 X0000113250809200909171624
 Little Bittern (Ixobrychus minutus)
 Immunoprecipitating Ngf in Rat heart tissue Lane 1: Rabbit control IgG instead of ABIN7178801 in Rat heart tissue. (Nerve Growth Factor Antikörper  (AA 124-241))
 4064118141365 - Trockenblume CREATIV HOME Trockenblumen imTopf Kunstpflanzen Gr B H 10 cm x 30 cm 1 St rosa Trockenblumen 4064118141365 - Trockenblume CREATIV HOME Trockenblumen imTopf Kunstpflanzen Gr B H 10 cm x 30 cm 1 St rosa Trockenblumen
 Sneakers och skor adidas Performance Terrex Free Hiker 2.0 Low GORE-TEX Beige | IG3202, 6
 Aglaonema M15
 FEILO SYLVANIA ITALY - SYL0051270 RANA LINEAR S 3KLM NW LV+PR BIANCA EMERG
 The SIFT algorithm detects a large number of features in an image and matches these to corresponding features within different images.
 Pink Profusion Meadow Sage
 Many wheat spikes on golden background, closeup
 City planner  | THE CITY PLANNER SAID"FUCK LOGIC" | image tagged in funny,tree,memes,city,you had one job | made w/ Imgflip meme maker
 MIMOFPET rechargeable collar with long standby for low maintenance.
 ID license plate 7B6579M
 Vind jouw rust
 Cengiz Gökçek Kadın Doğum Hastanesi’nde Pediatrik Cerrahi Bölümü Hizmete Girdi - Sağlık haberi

++++++++++++++++++++

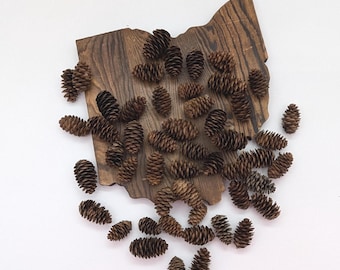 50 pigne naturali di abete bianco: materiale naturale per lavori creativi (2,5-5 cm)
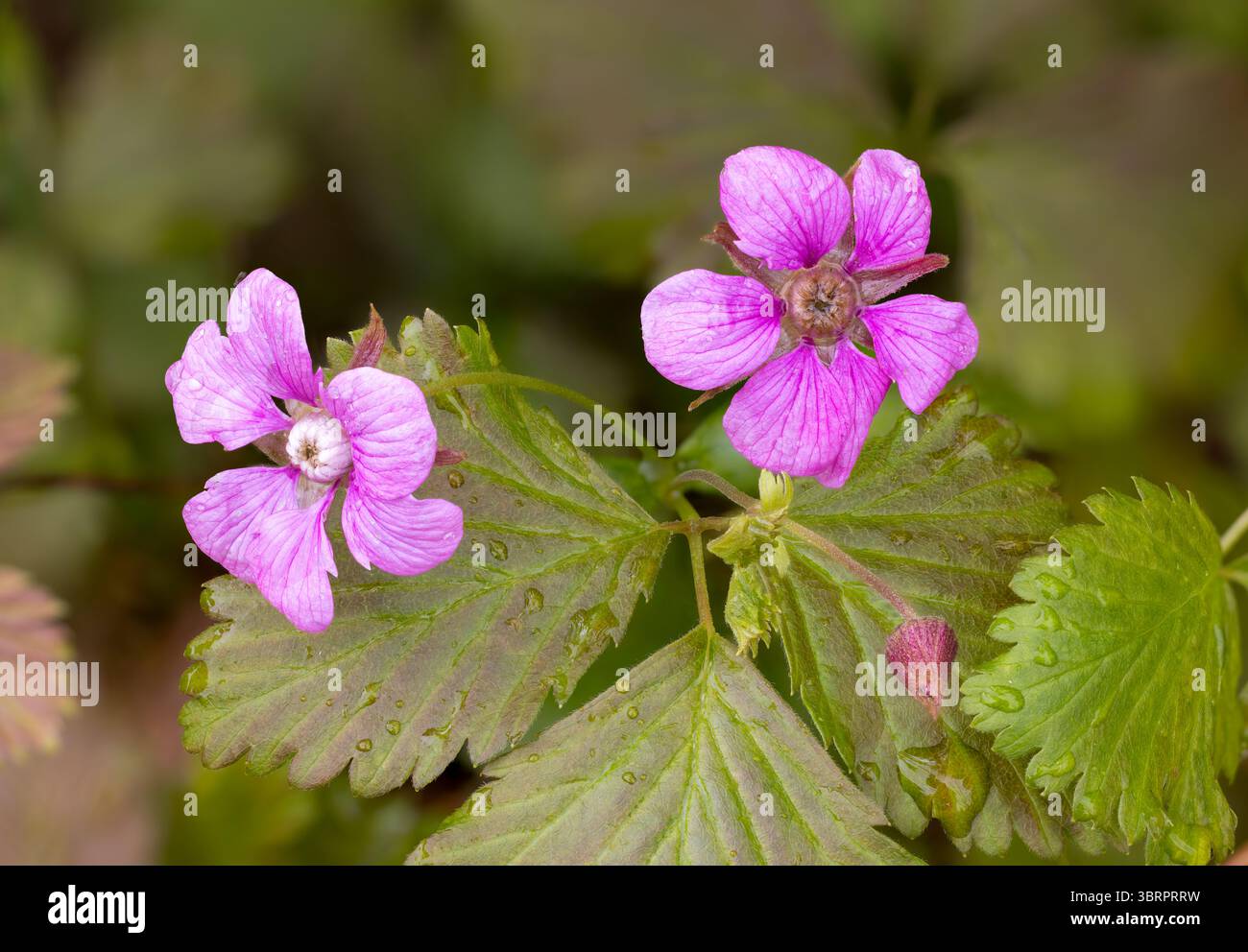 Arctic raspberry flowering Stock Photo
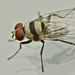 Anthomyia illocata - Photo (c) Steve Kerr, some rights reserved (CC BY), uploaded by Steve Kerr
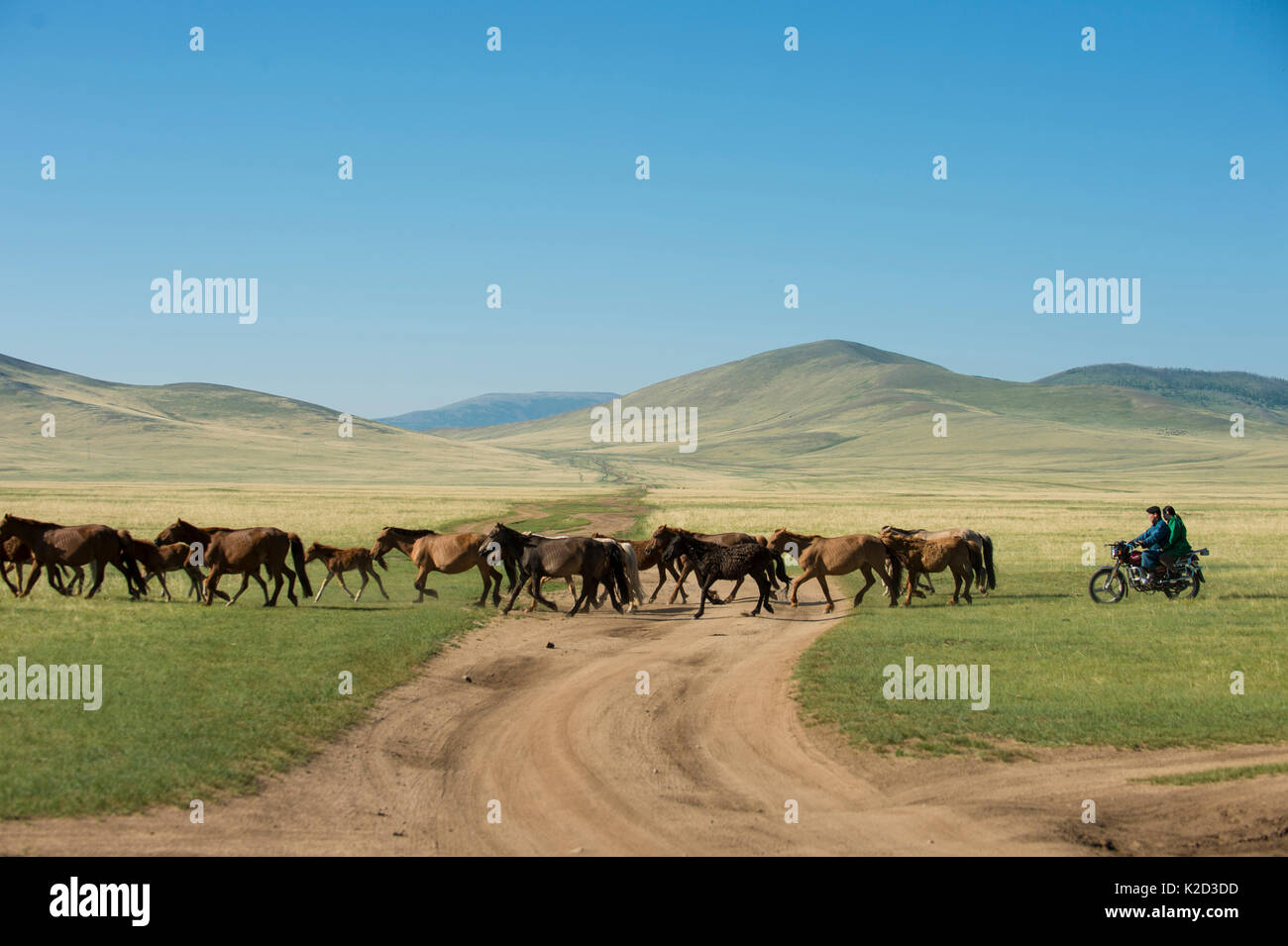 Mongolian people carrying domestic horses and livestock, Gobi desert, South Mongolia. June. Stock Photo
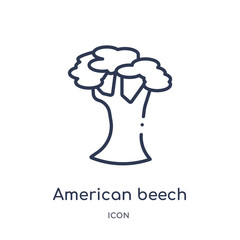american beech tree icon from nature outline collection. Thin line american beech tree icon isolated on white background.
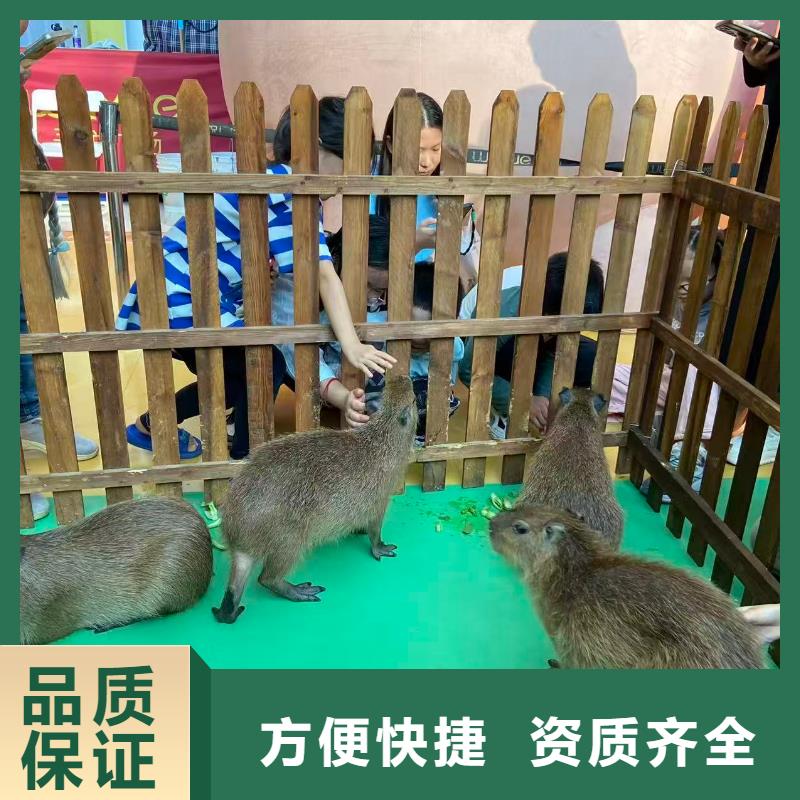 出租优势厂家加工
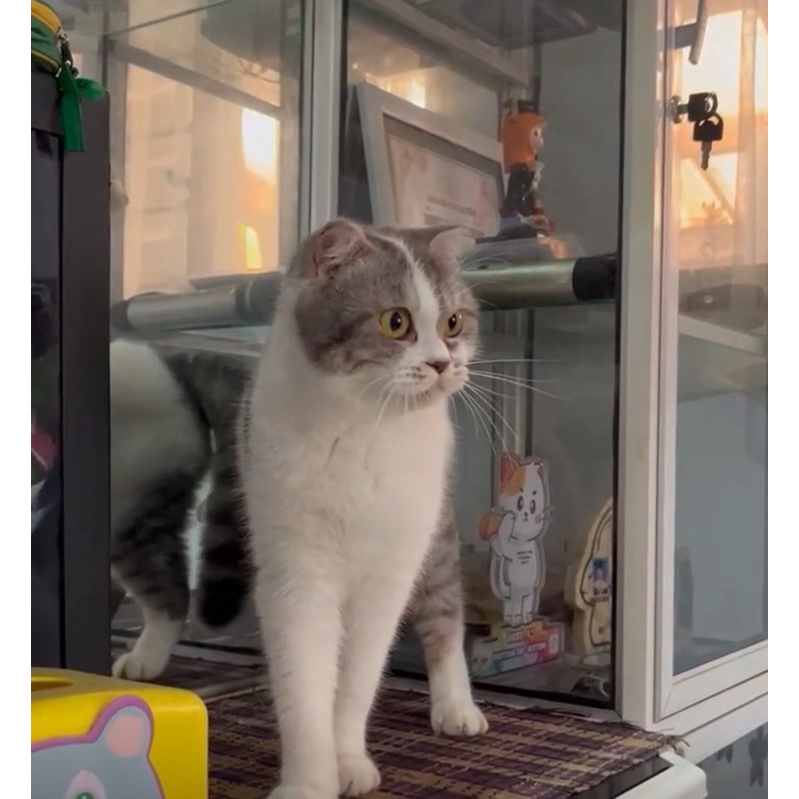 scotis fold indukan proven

++++++++++++++++++++

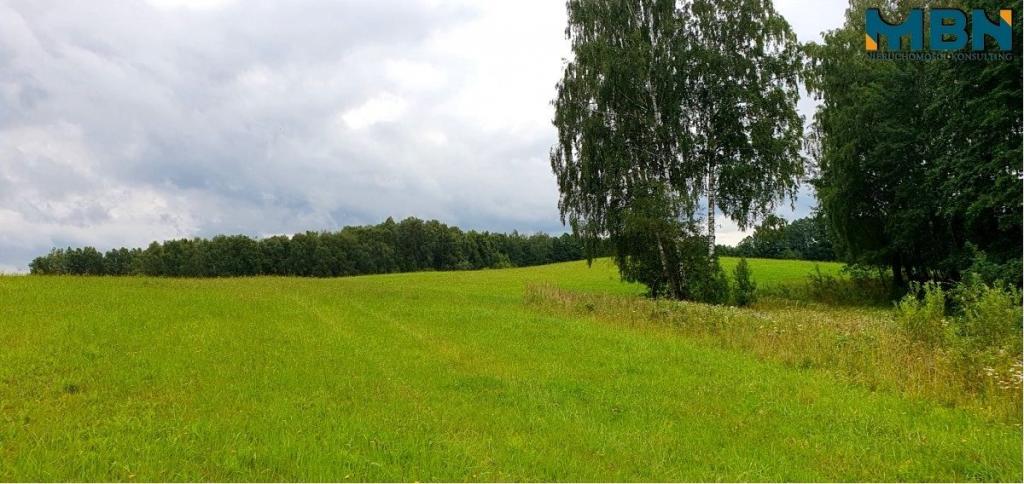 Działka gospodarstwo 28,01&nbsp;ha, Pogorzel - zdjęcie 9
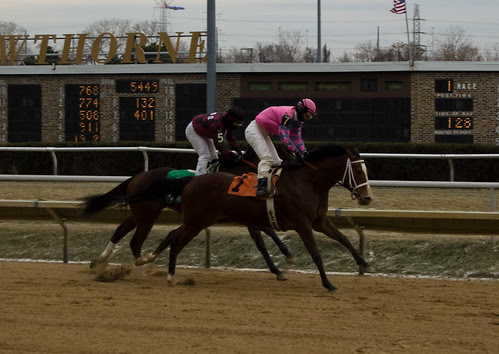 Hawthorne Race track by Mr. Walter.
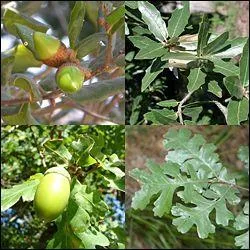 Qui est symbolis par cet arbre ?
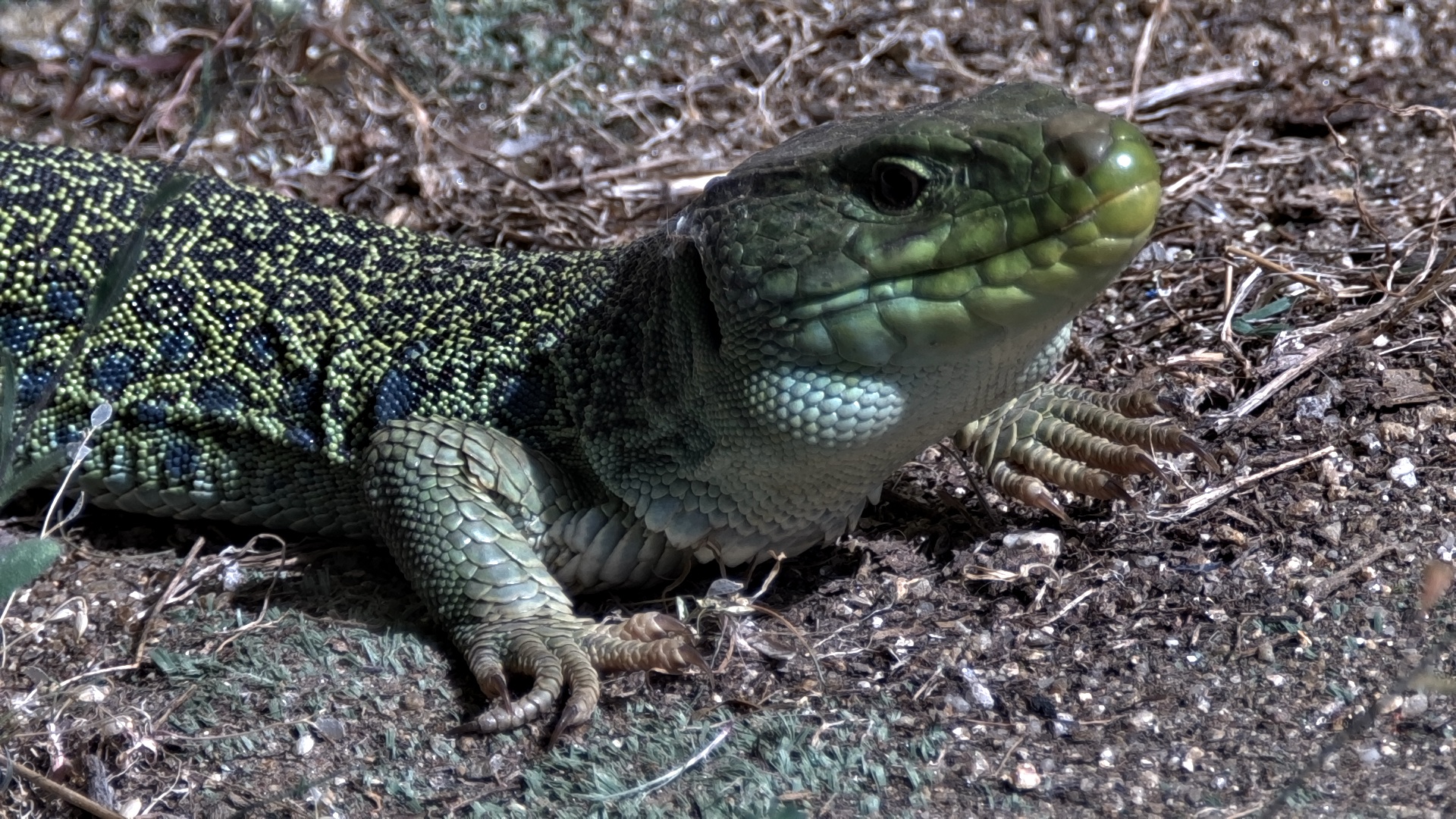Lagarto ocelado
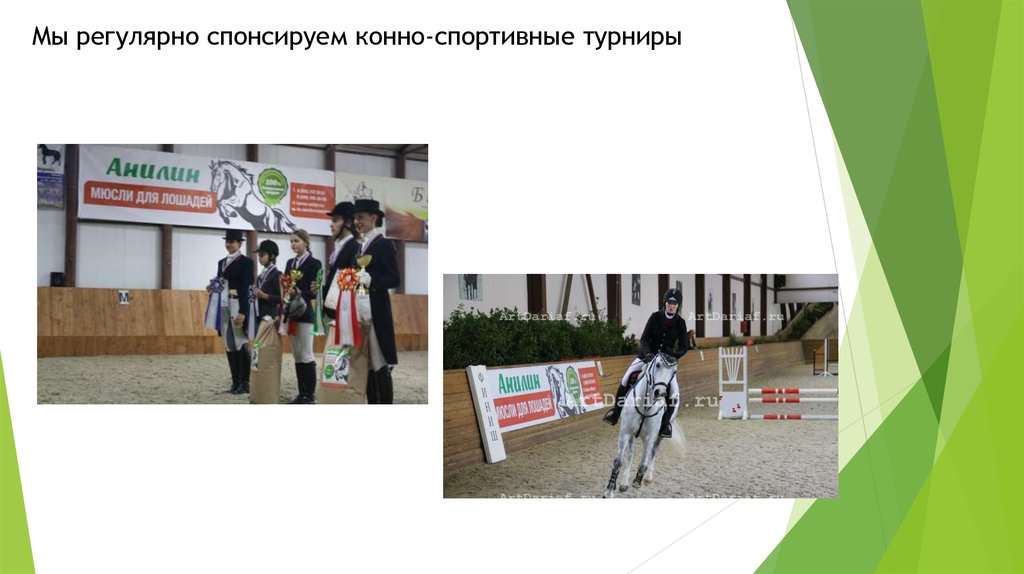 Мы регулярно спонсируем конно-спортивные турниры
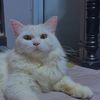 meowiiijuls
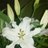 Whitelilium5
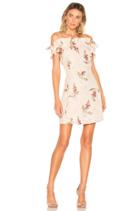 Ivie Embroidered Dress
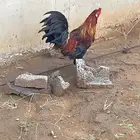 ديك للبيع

++++++++++++++++++++

- [ASSIGNED TASK]
Go to the line above holding "american beech tree icon from", then copy exactly each line down to and including the one holding "scotis fold indukan proven", leaving pictures out.

- [ANSWER FOR THE TASK]
american beech tree icon from nature outline collection. Thin line american beech tree icon isolated on white background.
 出租优势厂家加工
 scotis fold indukan proven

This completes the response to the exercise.